Aaron Swartz discusses the possible problems of relying too much on scientific decision-making in Do I have too much faith in science?:
If you’re struggling with a decision, we’re taught to approach it more “scientifically”, by systematically enumerating pros and cons and trying to weight and balance them. That’s what Richard Feynman would do, right? Well, studies have shown that this sort of explicit approach repeatable leads to worse decisions than just going with your gut. Why? Presumably for the same reason: your gut is full of tacit knowledge that it’s tough to articulate and write down. Just focusing on the stuff you can make explicit means throwing away everything else you know—destroying your tacit knowledge.
My initial reaction was probably similar to yours. Something like this:
As expected, many commenters on Aaron’s post vehemently disagrees with him. Joe Blaylock asks:
You seem to take a narrow view of what science is and how it’s done. Is this rhetorical? Are you representing an extreme reductivist worldview to try to make a point?

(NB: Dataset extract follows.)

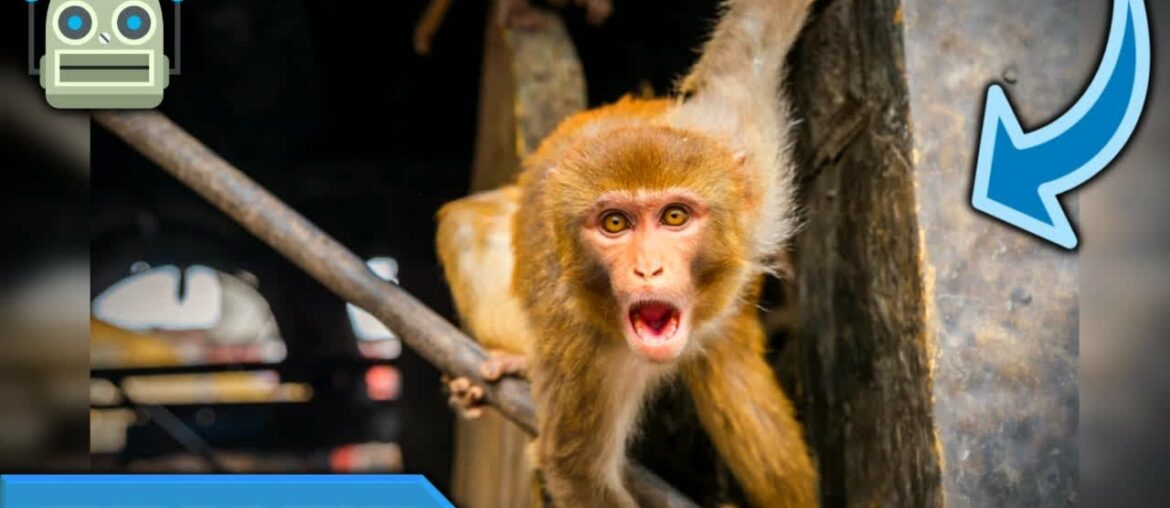 Studies In Monkeys Show That Coronavirus Immunity Holds Up In Vaccine Treatments...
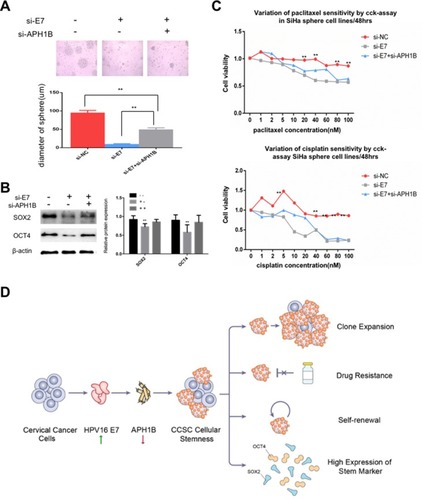 Figure 6 APH1B may participate in E7 maintenance of stemness in SiHa oncospheres.Notes: (A) Phase-contrast photomicrographs of SiHa oncospheres with or without HPV16 E7 inhibition and APH1B inhibition in low-adherence cultures for 7 days. (B) Western blot detection of SOX2 and OCT4 proteins in SiHa oncospheres with or without HPV16 E7 inhibition and APH1B inhibition in low-adherence cultures for 7 days. (C) Growth inhibition of SiHa oncospheres with or without HPV16 E7 inhibition and APH1B inhibition. All sphere cells were seeded in 96-well plates and treated with paclitaxel or cisplatin at different concentrations (0, 1, 2, 5, 10, 20, 40, 60, 80, 100 nM) for 48 hrs, and cell viability was determined by a modified MTT assay. OD values of each treated group were compared with controls at the same time point. (D) Proposed model: APH1B may participate in the process of E7 maintaining cellular stemness. Western blot expression levels were normalized to those of β-actin. Measurements of the diameters of colonies are shown in the bar graph. Error bars and mean with SD were from three independent experiments. **P<0.01 when comparing experimental and control groups (two-tailed Student’s t-test).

gwern tells an interesting story to make his/her point:
‘One day when I was a junior medical student, a very important Boston surgeon visited the school and delivered a great treatise on a large number of patients who had undergone successful operations for vascular reconstruction. At the end of the lecture, a young student at the back of the room timidly asked, “Do you have any controls?” Well, the great surgeon drew himself up to his full height, hit the desk, and said, “Do you mean did I not operate on half the patients?” The hall grew very quiet then. The voice at the back of the room very hesitantly replied, “Yes, that’s what I had in mind.” Then the visitor’s fist really came down as he thundered, “Of course not. That would have doomed half of them to their death.” God, it was quiet then, and one could scarcely hear the small voice ask, “Which half?”’
To bring this debate over into the world of design, I like Dmitry Fadeyev’s description of the different approaches as Primal (intuitive) vs. Cerebral (scientific). He concludes:
The best work is probably a combination of the two forces: restraining the primal force enough to yield a useful product that performs, but not ignoring it altogether so that the more basic human element is satisfied too, both in the creator and in the user.
Dmitri explores this theme more in his essay The Cerebral Designer:
Likewise, primal and cerebral design instincts are complements, not opposing forces. They are concerned with disparate goals which is why neither is better at achieving what the other sets out to do. If the design is driven only by the cerebral creative instinct, it will be too plain. If it is fully primal, it will not be very good at fulfilling its function for it would be more of an illustration or an ornamental piece than a design. Instead, if the primal is restrained by the cerebral but not yet fully killed, we arrive at a design that is functional, structured, pleasing to the eye and a joy for the designer to create.
I guess as designers we’re lucky. Instead of having to pick extreme points of view in an argument, in many cases the easy way out (calling for a middle ground) is also what’s best for our work. That is certainly the case here. We can combine things like A/B testing (within limits) with an intuitive humanity to design memorable, usable experiences.